=== AIM OF THE TASK ===
Only lines holding the word "Selective" are needed; copy each of them from the material.

=== RECORDS SUPPLIED ===
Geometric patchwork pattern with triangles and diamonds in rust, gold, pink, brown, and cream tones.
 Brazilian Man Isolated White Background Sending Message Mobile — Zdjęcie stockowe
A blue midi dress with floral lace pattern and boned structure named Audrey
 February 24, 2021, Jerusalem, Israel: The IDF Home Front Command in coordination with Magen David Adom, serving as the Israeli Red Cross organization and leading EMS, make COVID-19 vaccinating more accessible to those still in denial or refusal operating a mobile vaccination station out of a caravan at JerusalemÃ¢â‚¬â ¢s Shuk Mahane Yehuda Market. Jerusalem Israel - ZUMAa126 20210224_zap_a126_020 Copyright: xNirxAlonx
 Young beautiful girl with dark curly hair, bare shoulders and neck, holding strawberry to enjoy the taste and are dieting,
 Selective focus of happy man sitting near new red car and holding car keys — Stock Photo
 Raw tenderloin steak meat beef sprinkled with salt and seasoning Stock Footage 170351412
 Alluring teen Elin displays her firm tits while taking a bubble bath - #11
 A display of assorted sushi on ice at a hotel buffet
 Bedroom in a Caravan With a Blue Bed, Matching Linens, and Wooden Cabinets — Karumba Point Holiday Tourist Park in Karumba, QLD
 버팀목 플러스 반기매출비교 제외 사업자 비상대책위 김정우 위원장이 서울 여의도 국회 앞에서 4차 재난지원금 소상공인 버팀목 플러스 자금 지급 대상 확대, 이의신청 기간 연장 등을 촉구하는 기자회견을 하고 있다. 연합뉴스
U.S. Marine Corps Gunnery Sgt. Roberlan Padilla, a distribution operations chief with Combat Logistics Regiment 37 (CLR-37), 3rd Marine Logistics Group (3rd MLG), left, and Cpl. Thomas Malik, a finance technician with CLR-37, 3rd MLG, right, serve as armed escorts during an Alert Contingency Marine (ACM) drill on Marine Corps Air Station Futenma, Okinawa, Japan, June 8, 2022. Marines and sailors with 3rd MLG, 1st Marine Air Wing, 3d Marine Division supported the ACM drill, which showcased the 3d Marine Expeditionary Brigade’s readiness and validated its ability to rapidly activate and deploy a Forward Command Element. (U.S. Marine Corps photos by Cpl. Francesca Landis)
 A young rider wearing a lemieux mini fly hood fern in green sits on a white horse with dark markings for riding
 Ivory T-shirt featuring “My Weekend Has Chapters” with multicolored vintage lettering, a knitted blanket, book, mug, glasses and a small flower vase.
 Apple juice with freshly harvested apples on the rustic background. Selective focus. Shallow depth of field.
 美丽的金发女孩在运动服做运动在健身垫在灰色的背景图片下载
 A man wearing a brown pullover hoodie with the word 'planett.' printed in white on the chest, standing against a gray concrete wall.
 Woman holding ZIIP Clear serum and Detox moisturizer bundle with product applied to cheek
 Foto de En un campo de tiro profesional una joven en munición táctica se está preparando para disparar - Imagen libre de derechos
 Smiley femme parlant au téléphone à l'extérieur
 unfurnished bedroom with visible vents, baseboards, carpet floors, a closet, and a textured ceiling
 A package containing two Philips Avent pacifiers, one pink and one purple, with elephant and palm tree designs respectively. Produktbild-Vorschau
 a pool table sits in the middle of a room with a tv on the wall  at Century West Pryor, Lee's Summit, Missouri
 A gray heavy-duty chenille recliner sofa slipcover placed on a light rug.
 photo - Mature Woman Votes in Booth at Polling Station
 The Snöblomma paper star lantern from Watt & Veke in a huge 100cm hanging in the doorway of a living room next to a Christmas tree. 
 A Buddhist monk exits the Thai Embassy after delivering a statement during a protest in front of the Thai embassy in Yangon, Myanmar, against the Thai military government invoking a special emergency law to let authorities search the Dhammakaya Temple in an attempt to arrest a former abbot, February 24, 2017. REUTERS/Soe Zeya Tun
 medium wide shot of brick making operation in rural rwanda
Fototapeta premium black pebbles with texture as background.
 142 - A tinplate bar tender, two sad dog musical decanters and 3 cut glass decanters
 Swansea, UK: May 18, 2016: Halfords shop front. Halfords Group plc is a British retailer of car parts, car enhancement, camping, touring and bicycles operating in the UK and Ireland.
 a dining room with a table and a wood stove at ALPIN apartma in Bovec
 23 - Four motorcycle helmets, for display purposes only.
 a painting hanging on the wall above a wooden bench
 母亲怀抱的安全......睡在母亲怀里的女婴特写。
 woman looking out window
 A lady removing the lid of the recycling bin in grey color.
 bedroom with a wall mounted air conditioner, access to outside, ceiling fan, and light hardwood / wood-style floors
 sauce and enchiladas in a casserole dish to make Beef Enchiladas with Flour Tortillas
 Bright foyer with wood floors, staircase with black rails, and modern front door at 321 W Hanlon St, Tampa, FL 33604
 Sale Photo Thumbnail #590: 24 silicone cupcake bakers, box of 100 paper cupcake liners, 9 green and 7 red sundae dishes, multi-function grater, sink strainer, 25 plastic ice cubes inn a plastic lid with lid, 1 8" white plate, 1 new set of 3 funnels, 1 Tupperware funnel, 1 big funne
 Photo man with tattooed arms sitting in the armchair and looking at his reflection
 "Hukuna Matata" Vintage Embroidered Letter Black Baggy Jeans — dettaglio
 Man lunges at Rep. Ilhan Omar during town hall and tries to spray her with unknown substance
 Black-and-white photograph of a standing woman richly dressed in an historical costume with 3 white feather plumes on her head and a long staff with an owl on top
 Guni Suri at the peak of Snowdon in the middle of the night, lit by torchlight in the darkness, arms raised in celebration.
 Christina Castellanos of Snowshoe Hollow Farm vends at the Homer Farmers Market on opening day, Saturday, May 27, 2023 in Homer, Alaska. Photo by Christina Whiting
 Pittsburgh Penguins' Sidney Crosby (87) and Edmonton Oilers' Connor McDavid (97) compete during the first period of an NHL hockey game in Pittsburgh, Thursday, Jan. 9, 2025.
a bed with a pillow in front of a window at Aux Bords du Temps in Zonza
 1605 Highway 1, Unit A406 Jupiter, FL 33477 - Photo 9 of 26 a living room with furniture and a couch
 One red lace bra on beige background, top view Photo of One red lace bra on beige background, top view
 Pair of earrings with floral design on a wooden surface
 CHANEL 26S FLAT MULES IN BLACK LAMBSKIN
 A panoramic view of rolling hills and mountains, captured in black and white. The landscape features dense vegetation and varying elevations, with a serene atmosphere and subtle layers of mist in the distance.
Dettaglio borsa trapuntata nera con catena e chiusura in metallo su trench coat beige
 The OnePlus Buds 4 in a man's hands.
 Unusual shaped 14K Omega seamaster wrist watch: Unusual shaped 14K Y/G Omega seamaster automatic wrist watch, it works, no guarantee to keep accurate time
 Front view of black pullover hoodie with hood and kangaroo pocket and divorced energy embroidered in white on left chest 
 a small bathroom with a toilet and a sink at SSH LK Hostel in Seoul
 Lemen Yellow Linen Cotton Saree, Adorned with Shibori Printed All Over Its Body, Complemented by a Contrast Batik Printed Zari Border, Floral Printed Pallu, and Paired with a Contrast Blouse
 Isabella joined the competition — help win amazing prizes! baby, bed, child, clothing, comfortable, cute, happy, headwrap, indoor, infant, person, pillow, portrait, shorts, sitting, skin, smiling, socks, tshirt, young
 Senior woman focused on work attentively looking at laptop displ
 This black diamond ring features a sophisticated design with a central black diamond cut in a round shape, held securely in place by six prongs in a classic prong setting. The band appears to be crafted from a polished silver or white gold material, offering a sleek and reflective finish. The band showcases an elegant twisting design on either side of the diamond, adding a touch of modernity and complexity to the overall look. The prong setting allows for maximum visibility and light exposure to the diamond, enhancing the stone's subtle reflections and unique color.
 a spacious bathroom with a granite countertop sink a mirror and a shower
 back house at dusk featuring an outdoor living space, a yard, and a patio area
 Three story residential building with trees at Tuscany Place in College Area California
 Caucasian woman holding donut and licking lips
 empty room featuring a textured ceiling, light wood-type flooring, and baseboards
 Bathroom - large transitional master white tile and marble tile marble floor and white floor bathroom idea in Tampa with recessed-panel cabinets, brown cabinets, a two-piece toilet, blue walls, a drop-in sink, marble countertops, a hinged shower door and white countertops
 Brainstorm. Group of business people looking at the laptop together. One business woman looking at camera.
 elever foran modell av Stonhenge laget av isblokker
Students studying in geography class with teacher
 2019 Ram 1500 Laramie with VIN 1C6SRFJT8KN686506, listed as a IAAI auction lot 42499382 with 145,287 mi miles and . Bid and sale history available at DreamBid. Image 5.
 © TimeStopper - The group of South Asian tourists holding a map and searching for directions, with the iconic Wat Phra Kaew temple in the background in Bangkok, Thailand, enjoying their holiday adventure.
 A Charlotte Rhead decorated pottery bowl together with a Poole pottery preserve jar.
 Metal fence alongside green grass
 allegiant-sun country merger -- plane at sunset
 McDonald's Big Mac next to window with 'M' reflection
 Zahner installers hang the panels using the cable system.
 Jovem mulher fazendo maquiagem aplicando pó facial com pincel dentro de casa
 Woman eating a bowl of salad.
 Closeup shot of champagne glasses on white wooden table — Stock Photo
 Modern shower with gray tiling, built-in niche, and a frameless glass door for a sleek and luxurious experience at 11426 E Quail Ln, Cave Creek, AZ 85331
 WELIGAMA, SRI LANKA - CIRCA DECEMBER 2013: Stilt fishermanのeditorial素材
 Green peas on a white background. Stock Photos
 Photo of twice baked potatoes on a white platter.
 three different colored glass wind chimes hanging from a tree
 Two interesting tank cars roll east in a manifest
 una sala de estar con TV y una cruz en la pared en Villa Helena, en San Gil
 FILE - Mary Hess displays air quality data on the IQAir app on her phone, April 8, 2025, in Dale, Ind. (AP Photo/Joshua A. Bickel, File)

=== RESULT OF THIS TASK ===
 Selective focus of happy man sitting near new red car and holding car keys — Stock Photo
 Apple juice with freshly harvested apples on the rustic background. Selective focus. Shallow depth of field.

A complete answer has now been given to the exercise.